> Image-text web data:
★ ★ ★ ★ ★ ★ ★

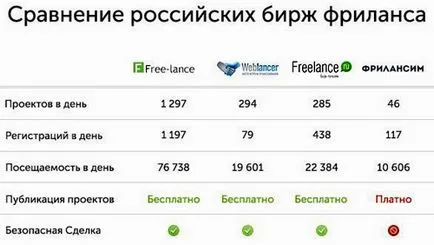 Distant работа онлайн от дома си работни места на разположение от преки работодатели през 2016 г.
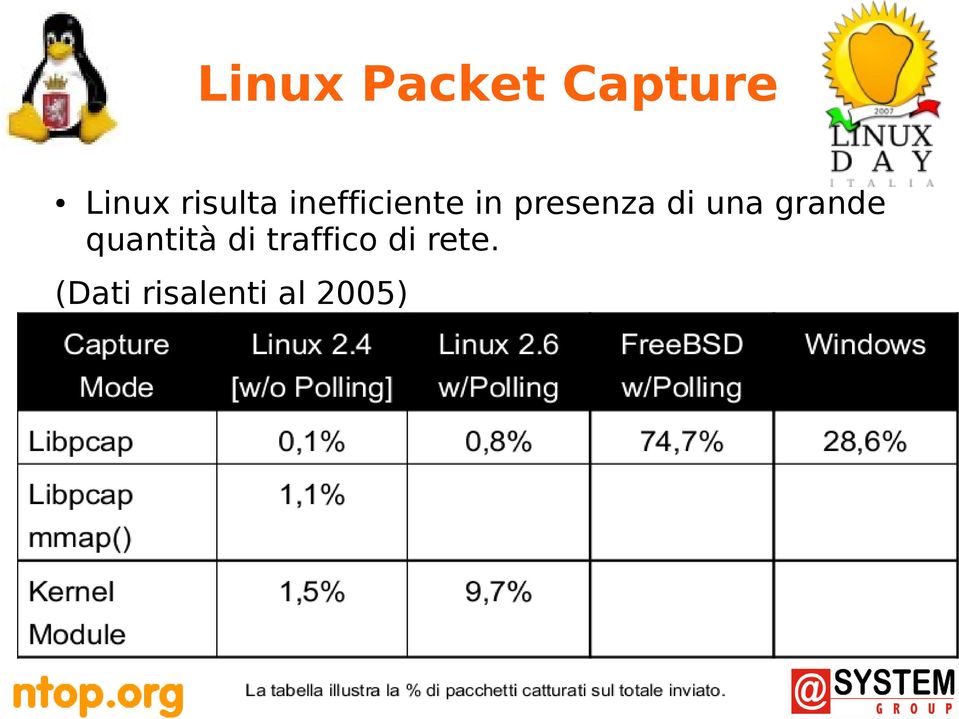 presenza di una grande quantità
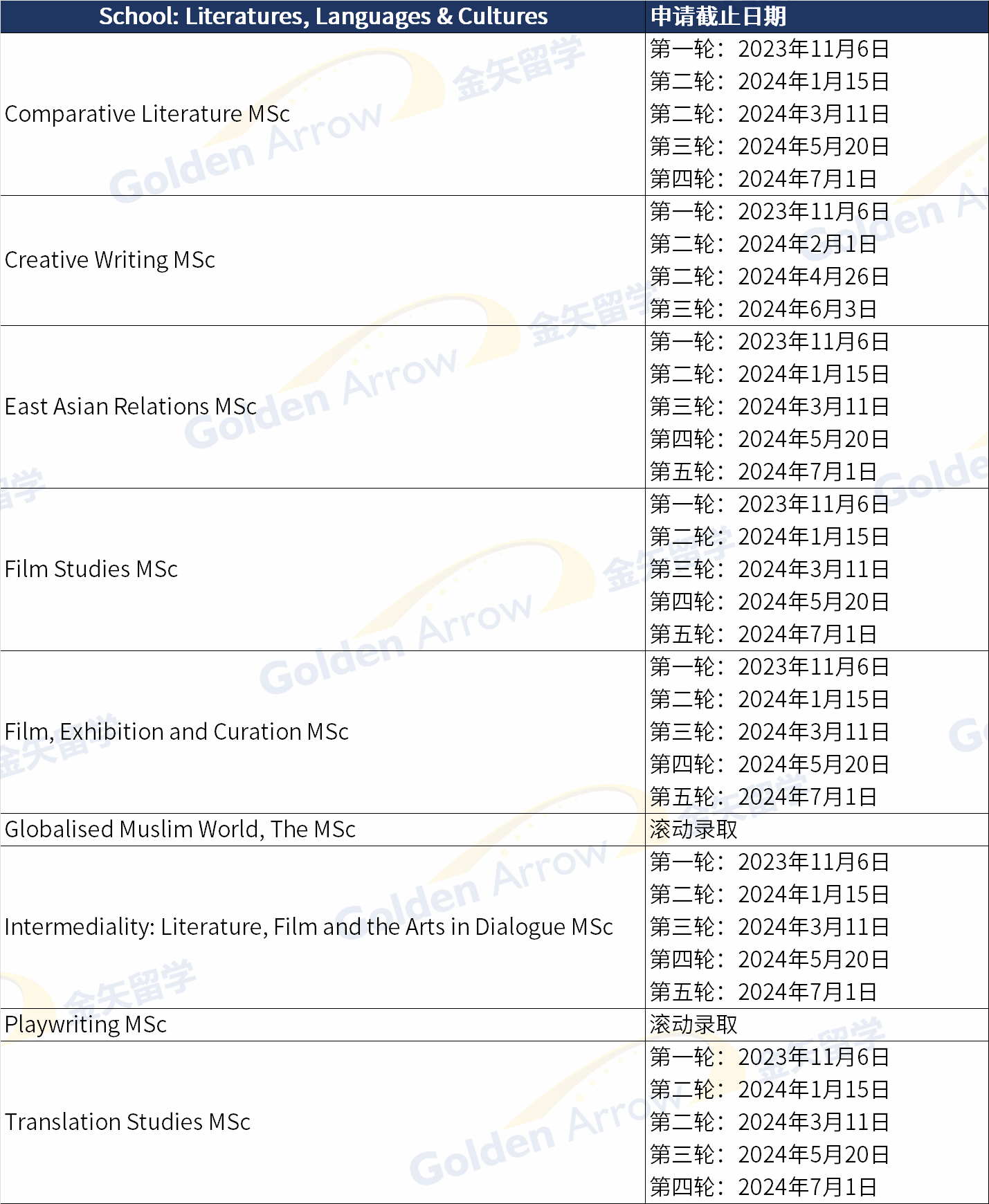 爱丁堡大学文学、语言与文化学院分轮申请截止日期.png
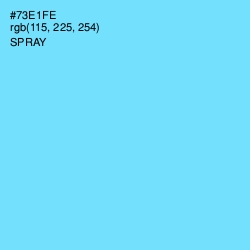 #73E1FE - Spray Color Image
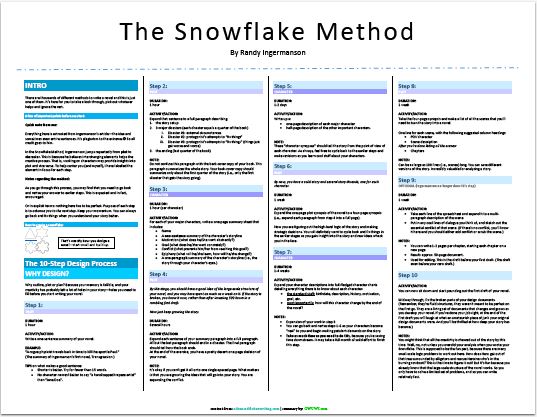 Snowflake Method – Thumbnail 2 – Green Where You Water It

★ ★ ★ ★ ★ ★ ★

Quote, please, only the lines running from the one with "爱丁堡大学文学、语言与文化学院分轮申请截止日期.png" down to the final line of the data above, keeping both ends and skipping the pictures.

> OUTPUT OF THE EXERCISE:
 爱丁堡大学文学、语言与文化学院分轮申请截止日期.png
 #73E1FE - Spray Color Image
 Snowflake Method – Thumbnail 2 – Green Where You Water It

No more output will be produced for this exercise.